▶ [Directions]: For this exercise, transcribe every line of the material exactly and skip the pictures.

▶ [Data below]:
================
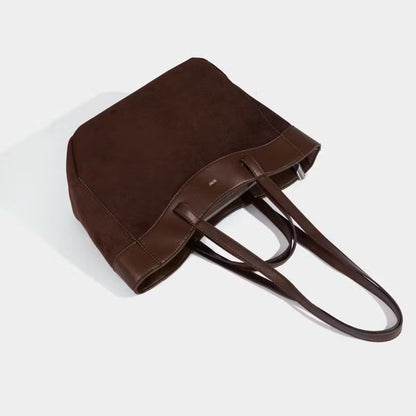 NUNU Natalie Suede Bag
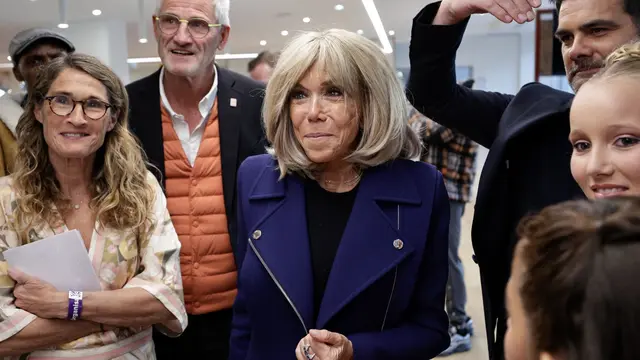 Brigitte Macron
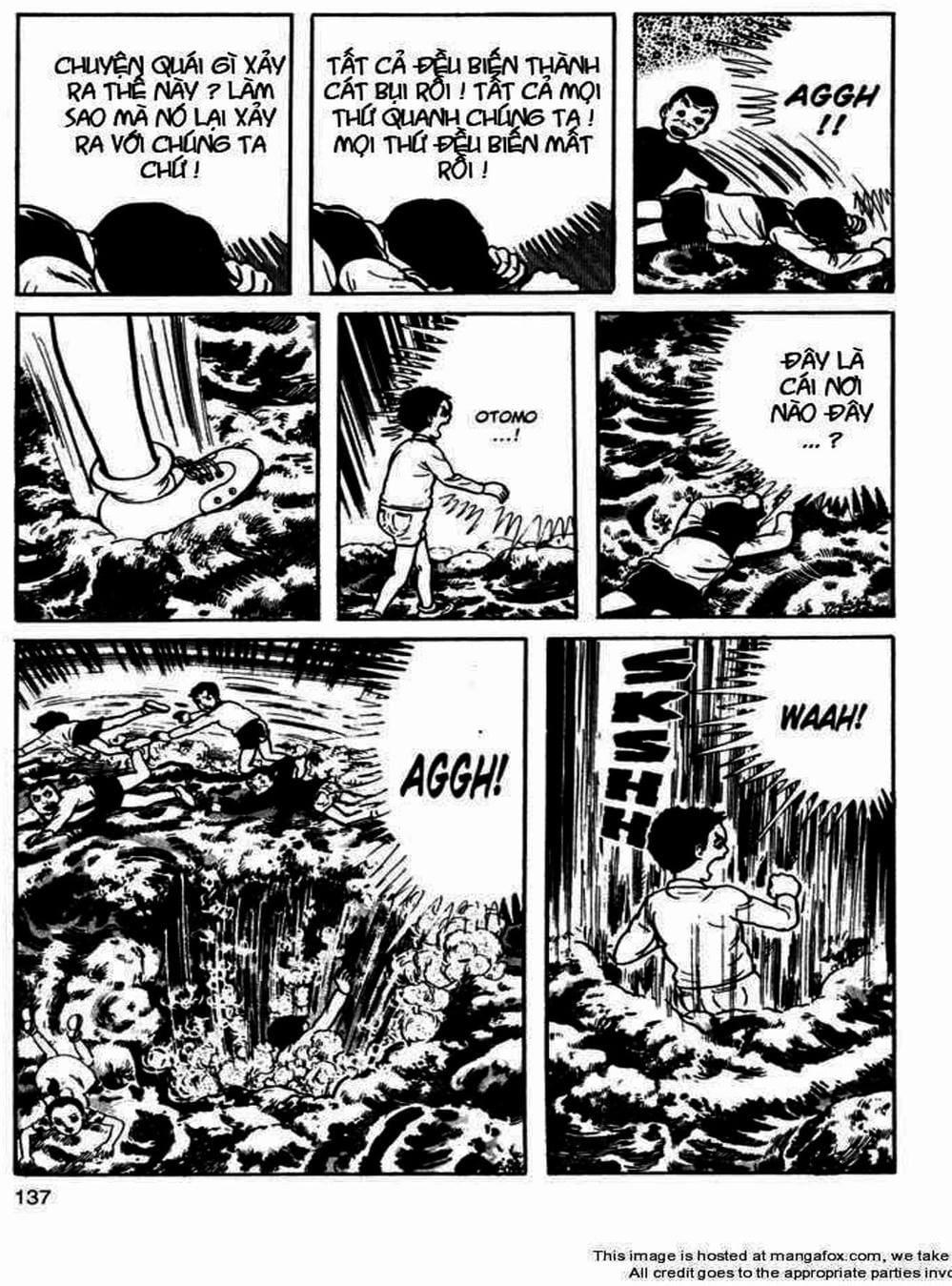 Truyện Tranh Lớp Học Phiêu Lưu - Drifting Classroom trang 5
================
▶ [Written answer]:
 NUNU Natalie Suede Bag
 Brigitte Macron
 Truyện Tranh Lớp Học Phiêu Lưu - Drifting Classroom trang 5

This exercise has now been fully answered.